Per quanto Ryan potrà andare avanti approfittando degli errori altrui? Già, perché Newman si è qualificato ai playoff in questo modo ma non bisogna sminuire questo fatto perché per prima cosa il team #6 di errori in prima persona forse non ne ha fatti nemmeno uno fin da Daytona. Insieme a Logano, Ku.Busch e T.Dillon è l’unico che non si è mai ritirato e solo Joey ha percorso più miglia di lui (appena 1.29 mi su un totale di poco più di 10’000). Las Vegas al debutto in notturna, Richmond e il Roval sono circuiti che si prestano ad incidenti e contatti e dunque Newman sarà sicuramente pronto ad approfittarne. E’ la sua unica chance per avanzare di un round e gli altri lo sanno benissimo, ma nel vivo della gara questi penseranno sicuramente a duellare per le prime posizioni e non a Ryan. Un miracolo in stile 2014, quando senza vittorie stagionali arrivò fino a Homestead e fu l’ultimo ad arrendersi ad Harvick, è improbabile ma mai dire mai con Newman.

Cosa può succedere

Secondo i pronostici dovrebbe essere una sfida fra Toyota e Ford, fra JGR e Penske/SHR (almeno con Harvick) che hanno conquistato 21 delle 26 gare finora disputate. Fra le Chevy la migliore sembra quella di Kurt Busch, ma solo perché quest’anno ha avuto il numero minore di passaggi a vuoto. Come da tradizione i primi due round saranno quelli più semplici per chi ha già un discreto bottino di playoff point a disposizione, una dote che è bene ricordare che verrà aggiunta di nuovo ad ogni reset del punteggio insieme a quelli conquistati ad ogni turno.

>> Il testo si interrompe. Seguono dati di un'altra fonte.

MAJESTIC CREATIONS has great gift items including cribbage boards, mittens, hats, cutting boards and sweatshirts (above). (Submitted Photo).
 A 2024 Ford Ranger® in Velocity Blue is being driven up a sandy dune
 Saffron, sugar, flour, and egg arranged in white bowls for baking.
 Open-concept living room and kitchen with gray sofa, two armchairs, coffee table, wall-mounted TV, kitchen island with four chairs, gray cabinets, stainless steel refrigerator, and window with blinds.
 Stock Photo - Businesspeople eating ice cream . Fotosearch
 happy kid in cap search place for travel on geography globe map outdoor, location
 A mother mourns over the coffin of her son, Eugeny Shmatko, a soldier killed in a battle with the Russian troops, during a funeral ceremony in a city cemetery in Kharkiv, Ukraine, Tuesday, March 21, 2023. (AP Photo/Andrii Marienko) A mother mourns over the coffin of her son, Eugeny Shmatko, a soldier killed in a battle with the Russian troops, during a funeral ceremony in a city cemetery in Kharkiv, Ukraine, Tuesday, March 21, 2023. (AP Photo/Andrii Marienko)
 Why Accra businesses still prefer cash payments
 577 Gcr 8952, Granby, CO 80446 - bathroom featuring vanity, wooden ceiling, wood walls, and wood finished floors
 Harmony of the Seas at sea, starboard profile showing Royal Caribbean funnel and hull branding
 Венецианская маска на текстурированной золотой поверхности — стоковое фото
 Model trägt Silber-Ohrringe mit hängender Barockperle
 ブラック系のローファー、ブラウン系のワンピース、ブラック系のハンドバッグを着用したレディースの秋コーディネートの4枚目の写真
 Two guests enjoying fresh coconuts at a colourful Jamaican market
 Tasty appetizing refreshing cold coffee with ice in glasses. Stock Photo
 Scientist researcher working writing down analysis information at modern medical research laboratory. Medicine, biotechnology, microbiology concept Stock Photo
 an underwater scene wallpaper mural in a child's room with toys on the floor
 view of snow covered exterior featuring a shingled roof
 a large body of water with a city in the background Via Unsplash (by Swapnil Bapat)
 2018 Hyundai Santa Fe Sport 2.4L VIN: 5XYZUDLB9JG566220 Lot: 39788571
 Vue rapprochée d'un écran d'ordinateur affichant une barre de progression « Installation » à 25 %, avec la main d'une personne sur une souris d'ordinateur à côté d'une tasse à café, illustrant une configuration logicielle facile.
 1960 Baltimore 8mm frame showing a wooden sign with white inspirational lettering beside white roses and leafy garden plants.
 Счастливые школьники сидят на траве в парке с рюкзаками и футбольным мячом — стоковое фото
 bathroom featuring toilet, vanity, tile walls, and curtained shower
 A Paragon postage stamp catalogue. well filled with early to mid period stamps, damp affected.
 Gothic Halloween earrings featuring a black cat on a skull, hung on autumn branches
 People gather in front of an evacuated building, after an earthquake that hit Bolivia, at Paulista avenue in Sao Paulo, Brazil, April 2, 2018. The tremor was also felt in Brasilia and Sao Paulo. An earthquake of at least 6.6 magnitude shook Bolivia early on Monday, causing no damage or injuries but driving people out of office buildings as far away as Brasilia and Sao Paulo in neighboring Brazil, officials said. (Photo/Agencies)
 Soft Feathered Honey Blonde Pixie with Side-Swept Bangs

I punti chiave di queste 10 gare ormai si sanno a memoria, nel “Round of 16” saranno lo short track di Richmond ed il Roval di Charlotte, al “Round of 12” il cemento di Dover che causa problemi meccanici e Talladega, che sicuramente mette paura a tutti. Al “Round of 8”, come si è sempre visto, a Martinsville si deciderà gran parte dell’inerzia verso Homestead e chi ne esce ammaccato ha poche chance di recuperare, anche perché a Miami ci vanno i tre vincitori delle rispettive gare e soltanto uno (in teoria) in base ai punti conquistati, dunque – come si suol dire – “quando il gioco si fa duro, i duri iniziano a giocare”.